Quali sono i frutti del ministero sacerdotale di padre Angelo in questi oltre 60 anni? – ha concluso il Vescovo con commozione - I frutti siete voi, voi che con la vostra presenza, e anche quanti sono assenti che stanno seguendo la celebrazione in diretta, voi lo ricordate. A tutti ha fatto una carezza, a tutti si è reso vicino, di tutti è stato sacerdote”.
Padre Fonti è stato per generazioni di nisseni, anche in anni difficili, il volto sereno di una Chiesa che accoglie, capace di ascoltare più che di giudicare, una Chiesa testimone di misericordia come premessa efficace di una redenzione possibile, per la quale vale la pena di sperare e di lottare nella fatica della quotidianità, anche per chi viveva lontano dalla luce della fede, anche per chi della propria vita poteva fare un bilancio pesante di amarezze, di sacrifici, di abbandoni, di solitudine.

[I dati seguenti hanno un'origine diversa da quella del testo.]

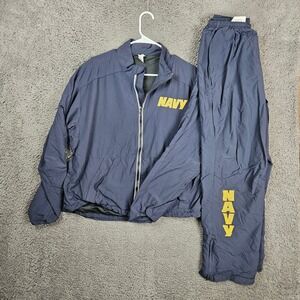 US Navy PT Tracksuit Jacket and Pants Set Navy Blue Yellow Graphic Medium Short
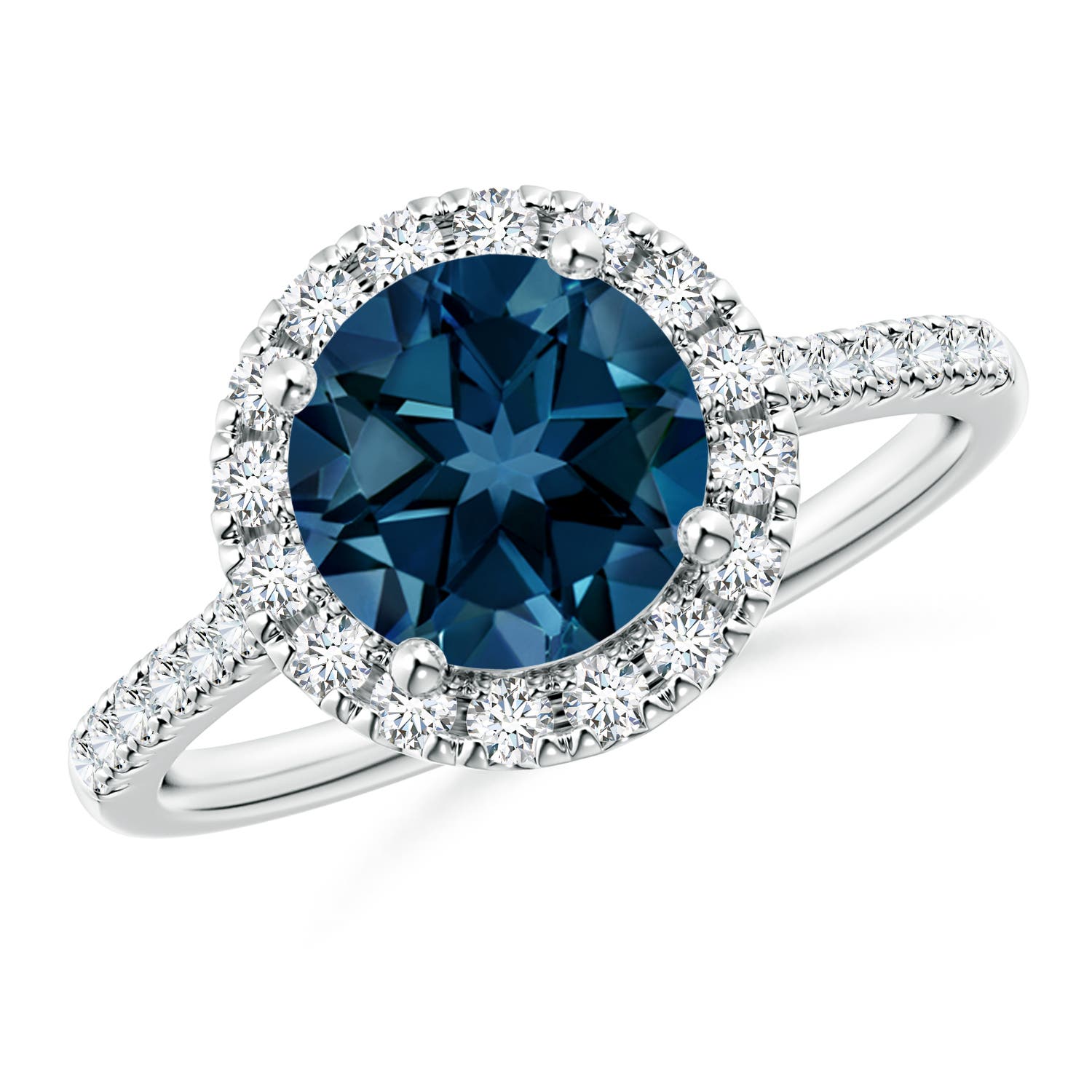 Angara 2.35 Carats Round London Blue Topaz Halo Ring with Diamond Accents in Platinum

Parlare con lui faceva vivere un’esperienza di libertà, come libero era il suo animo di uomo di Dio, rispettoso della persona immagine del Signore più che delle regole formali che vorrebbero definirne i connotati di cristianità, libero nella mente e nel cuore quanto tenacemente radicato in una fede profonda che non aveva bisogno di dimostrare: gli bastava viverla, con semplicità, per essere credibile nel cuore del suo popolo.